This answer is an elaboration on one of the comments above.
Assume that we are working with finite dimensional spaces. Futhermore for simplicity assume that the underlying field $\mathbb{F}$ is the set of real numbers $\mathbb{R}$. An inner product on a vector space $V$ is a function $(.,.):V\times V\mapsto \mathbb{F}$ that obeys the following properties for all $u,v,w \in V $ and all $\lambda \in \mathbb{F}$:
- $(u,v)=(v,u)$
- $(\lambda v,u)=\lambda(v,u)$
- $(v+w,u)=(v,u)+(w,u)$
- $(u,u)\geq 0$ and $(u,u)=0$ iff $u=0$
Now if you are familiar with the Gram Schmidt process, any finite dimensional vector space equiped with an inner product (often called an euclidean space), has an orthonormal basis.

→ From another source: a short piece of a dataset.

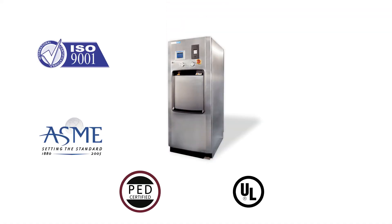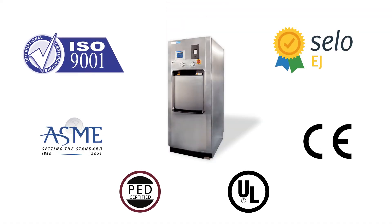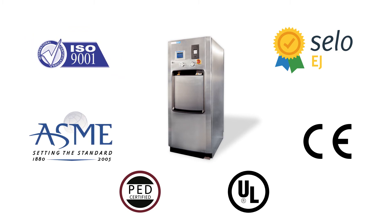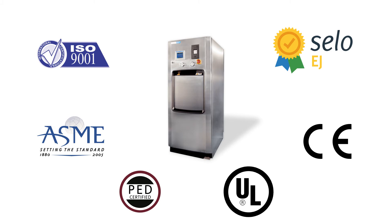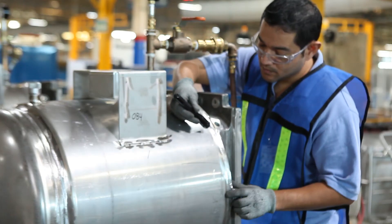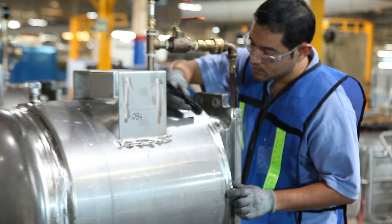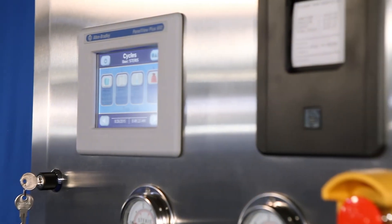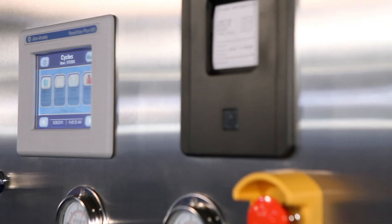The AMSCO small LS series is manufactured in an ISO 9001 certified facility and is tested to conformity to ASME, PED, UL, CE, and CELO. The chamber and jacket are manufactured with 316L stainless steel for maximum corrosion resistance and greater durability.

The proof of this involves two non trivial steps. The first step is to prove that any finite dimensional space has a basis. The second step is to show that this basis can be turned into an orthonormal basis. For a detailed explanation of how to do this I advice you to look into practically any book on linear algebra
If a vector space has an orthonormal basis one can show that any inner product on that space is the dot product in the orthonormal basis.
Proof: Let $u,v\in V$, then since $V$ is an euclidean space it has an orthonormal basis $\{e_1,…,e_n\}$, hence we have $u=x_1e_1+..+x_ne_n$ and $v=y_1e_1+…+y_ne_n$ for some scalars $x_1,..,x_n$ and $y_1,..,y_n$ in the underlying field. But then $(u,v)=(x_1e_1+...+x_ne_n,y_1e_1+...+y_ne_n)=$$=\sum_{i=0}^n{}x_1y_i(e_1,e_i)+…+\sum_{i=0}^nx_ny_i(e_n,e_i)=x_1y_1+...+x_ny_n$
Where we several times used that $\{e_1,…,e_n\}$ is an orthonormal basis , and that (.,.) is a norm. More precisely we used properties 2 and 3 of the norm.